Путешественники разбили лагерь на берегу реки, вблизи небольшого городка Дейр (ныне Дейр-эз-Зор), в полуверсте от казарм турецкого гарнизона. Здесь, в этом арабо-турецком городке, административном центре области— санджака, еще никогда не бывали русские, и лишь немногим европейцам удавалось проникнуть сюда.

Дейр… Скоро это ничем не примечательное восточное название приобретет свой зловещий для путешественников смысл. Будет «дейрское пленение». Будут тревоги и опасности. На первых же порах ничто как будто не предвещало этого. Узнав о прибытии русских, губернатор Зорского санджака Мехмед Тевфик-паша направил своего адъютанта, чтобы поздравить путешественников с прибытием и предложить свои услуги. Возможно, что главная цель миссии адъютанта состояла в том, чтобы разведать обстановку в лагере и доложить своему начальнику, к чему можно придраться.

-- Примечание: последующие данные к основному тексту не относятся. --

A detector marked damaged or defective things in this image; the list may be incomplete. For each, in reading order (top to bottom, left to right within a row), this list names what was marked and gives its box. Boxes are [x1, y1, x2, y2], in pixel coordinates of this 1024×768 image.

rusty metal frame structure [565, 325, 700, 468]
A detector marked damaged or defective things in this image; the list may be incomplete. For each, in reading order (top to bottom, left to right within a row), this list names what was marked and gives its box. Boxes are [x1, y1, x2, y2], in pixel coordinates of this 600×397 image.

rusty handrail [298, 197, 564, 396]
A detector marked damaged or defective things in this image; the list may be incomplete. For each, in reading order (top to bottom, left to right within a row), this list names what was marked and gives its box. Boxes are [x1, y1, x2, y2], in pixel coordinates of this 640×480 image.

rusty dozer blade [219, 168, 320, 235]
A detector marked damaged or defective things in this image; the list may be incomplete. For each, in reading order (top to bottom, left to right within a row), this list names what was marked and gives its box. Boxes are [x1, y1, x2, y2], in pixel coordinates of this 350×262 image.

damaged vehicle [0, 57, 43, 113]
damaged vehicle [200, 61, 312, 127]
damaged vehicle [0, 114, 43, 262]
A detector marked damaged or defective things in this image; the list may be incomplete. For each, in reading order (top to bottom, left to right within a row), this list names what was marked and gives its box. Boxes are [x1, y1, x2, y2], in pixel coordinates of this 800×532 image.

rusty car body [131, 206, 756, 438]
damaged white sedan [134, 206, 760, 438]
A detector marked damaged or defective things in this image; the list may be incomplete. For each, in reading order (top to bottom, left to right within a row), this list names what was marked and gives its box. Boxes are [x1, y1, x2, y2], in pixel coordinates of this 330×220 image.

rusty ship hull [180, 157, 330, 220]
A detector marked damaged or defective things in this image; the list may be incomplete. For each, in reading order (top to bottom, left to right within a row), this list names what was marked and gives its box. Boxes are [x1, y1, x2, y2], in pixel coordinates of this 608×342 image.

А донимать путешественников придирками и подвохами внешне любезный паша явно намеревался с целью вымогательства крупной взятки. Так потом расценила его действия сама автор книги «Верхом на родине бедуинов». Это было в духе традиционных нравов продажных османских чиновников всех рангов. Что предосудительного мог увидеть адъютант в лагере, разбитом на берегу Евфрата? Да хотя бы рослых парней с яхты в матросской форме, вооруженных револьверами и берданками.

Некоторое время спустя Александр Григорьевич, не подозревая о недобрых намерениях Тевфика-паши, отправился в сопровождении знающего турецкий язык Халиля с визитом вежливости к губернатору. На А. Г. Щербатова возложили протокольную часть: визиты, прием гостей, ведение переговоров. Спокойный, уравновешенный Александр Григорьевич как нельзя лучше подходил для этой роли. Его шурин Сергей Александрович взял в свои руки непосредственно закупку лошадей, считая себя более опытным коннозаводчиком.

Паша принял гостей более чем любезно, произносил цветистые речи, выражал радость, что столь знатные русские гости пожаловали в его санджак. Опять ничто, казалось бы, не предвещало опасности.

6-го апреля Сергей Александрович в сопровождении шейха Насра и других арабов намеревался выехать в район Хомса, чтобы посетить там бедуинские кочевья и осмотреть лошадей. Когда он готовился к отъезду, в лагерь явился нарочный офицер от паши и ошеломил путешественников неожиданным заявлением. Русские не представили специальной грамоты на право путешествовать в пределах османского государства, а тем более с оружием. Люди из каравана носят русскую военную форму. Его превосходительство Мехмед Тевфик-паша, призванный блюсти законы Османской империи в пределах вверенного ему санджака, вынужден задержать караван до тех пор, пока русские не выдадут своего оружия и одежду матросов и солдат.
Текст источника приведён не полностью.